An hour later, Tíkhon came to call Princess Mary to the old prince; he added that Prince Vasíli was also there. When Tíkhon came to her Princess Mary was sitting on the sofa in her room, holding the weeping Mademoiselle Bourienne in her arms and gently stroking her hair. The princess’ beautiful eyes with all their former calm radiance were looking with tender affection and pity at Mademoiselle Bourienne’s pretty face.
“No, Princess, I have lost your affection forever!” said Mademoiselle Bourienne.
“Why? I love you more than ever,” said Princess Mary, “and I will try to do all I can for your happiness.”
“But you despise me. You who are so pure can never understand being so carried away by passion. Oh, only my poor mother...”
“I quite understand,” answered Princess Mary, with a sad smile. “Calm yourself, my dear. I will go to my father,” she said, and went out.
Prince Vasíli, with one leg thrown high over the other and a snuffbox in his hand, was sitting there with a smile of deep emotion on his face, as if stirred to his heart’s core and himself regretting and laughing at his own sensibility, when Princess Mary entered. He hurriedly took a pinch of snuff.
“Ah, my dear, my dear!” he began, rising and taking her by both hands. Then, sighing, he added: “My son’s fate is in your hands. Decide, my dear, good, gentle Marie, whom I have always loved as a daughter!”
He drew back and a real tear appeared in his eye.
“Fr... fr...” snorted Prince Bolkónski. “The prince is making a proposition to you in his pupil’s—I mean, his son’s—name. Do you wish or not to be Prince Anatole Kurágin’s wife? Reply: yes or no,” he shouted, “and then I shall reserve the right to state my opinion also. Yes, my opinion, and only my opinion,” added Prince Bolkónski, turning to Prince Vasíli and answering his imploring look. “Yes, or no?”

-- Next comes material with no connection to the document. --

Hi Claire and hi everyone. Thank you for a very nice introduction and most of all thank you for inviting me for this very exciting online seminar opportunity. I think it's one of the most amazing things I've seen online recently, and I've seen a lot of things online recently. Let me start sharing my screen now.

“My desire is never to leave you, Father, never to separate my life from yours. I don’t wish to marry,” she answered positively, glancing at Prince Vasíli and at her father with her beautiful eyes.
“Humbug! Nonsense! Humbug, humbug, humbug!” cried Prince Bolkónski, frowning and taking his daughter’s hand; he did not kiss her, but only bending his forehead to hers just touched it, and pressed her hand so that she winced and uttered a cry.
Prince Vasíli rose.
“My dear, I must tell you that this is a moment I shall never, never forget. But, my dear, will you not give us a little hope of touching this heart, so kind and generous? Say ‘perhaps’... The future is so long. Say ‘perhaps.’”

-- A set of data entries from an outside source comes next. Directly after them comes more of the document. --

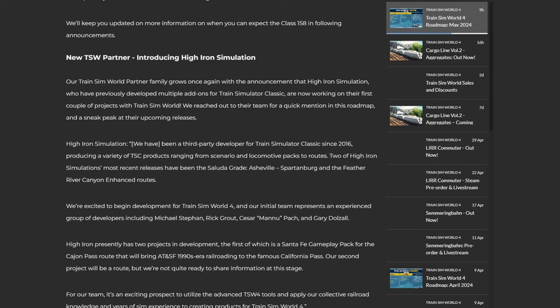New TSW partner. This is sort of an American one. So our Train Sim World partner family grows once again with the announcement that High Iron Simulation, who have previously developed multiple add-ons for Train Sim Classic, are now working on their first couple of projects with Train Sim World. We've reached out to their team for a quick mention in this roadmap and a sneak peek at their upcoming releases. We have been a third party developer for TSC since 2016, producing a variety of TSC projects ranging from scenario and locomotive packs to routes. Two of High Iron Simulation's most recent releases have been the Saluda Grade and the Feather River Canyon Enhanced Routes. We are excited to begin development for TSW4.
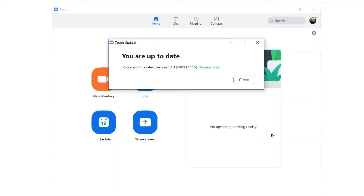Once you click 'Check for Updates,' Zoom will let you know if you are running the most up-to-date version, as it is in this case, or if you need to update. If you need to update, there will be a button that says 'Update' and you click that and it'll update it for you.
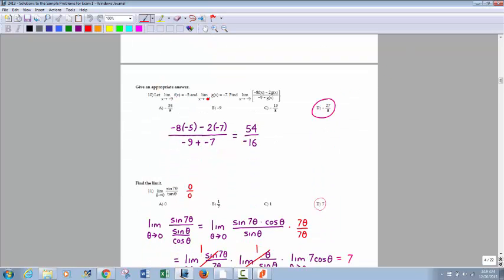This one looks really complicated but it's not. It's using basic properties of limits. If you have a multiple and a limit — unlike trig functions or logarithms — the constant does distribute through. So that's the same as saying negative 8 times the limit as x goes to negative 9 of f of x. You're just inserting those values: f of x doesn't equal negative 5, but the limit as x goes to negative 9 of f of x equals negative 5. So plug in negative 5 and negative 7, and you get 54 over negative 16, which reduces to negative 27 over 8.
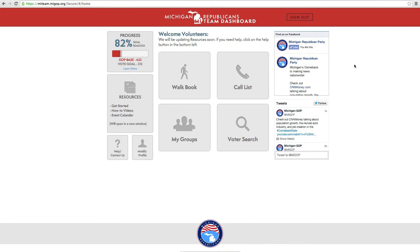We are here to help, so don't hesitate to reach out to us for further assistance. Every call you make helps Michigan keep moving forward. Thank you.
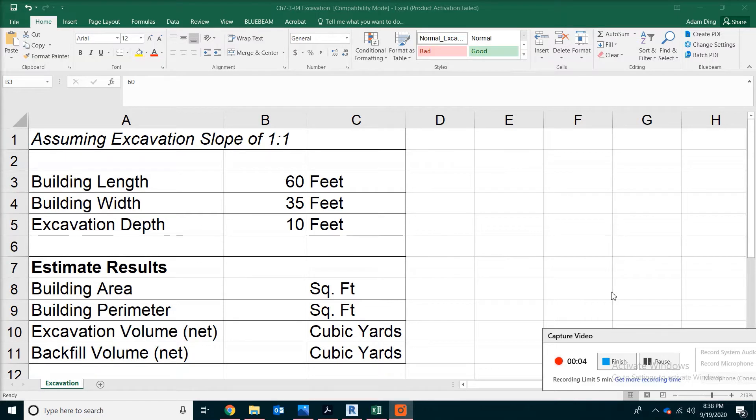Hello, welcome to the channel. Today we are going to look at basement excavation.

“Prince, what I have said is all there is in my heart. I thank you for the honor, but I shall never be your son’s wife.”
“Well, so that’s finished, my dear fellow! I am very glad to have seen you. Very glad! Go back to your rooms, Princess. Go!” said the old prince. “Very, very glad to have seen you,” repeated he, embracing Prince Vasíli.
“My vocation is a different one,” thought Princess Mary. “My vocation is to be happy with another kind of happiness, the happiness of love and self-sacrifice. And cost what it may, I will arrange poor Amélie’s happiness, she loves him so passionately, and so passionately repents. I will do all I can to arrange the match between them. If he is not rich I will give her the means; I will ask my father and Andrew. I shall be so happy when she is his wife. She is so unfortunate, a stranger, alone, helpless! And, oh God, how passionately she must love him if she could so far forget herself! Perhaps I might have done the same!...” thought Princess Mary.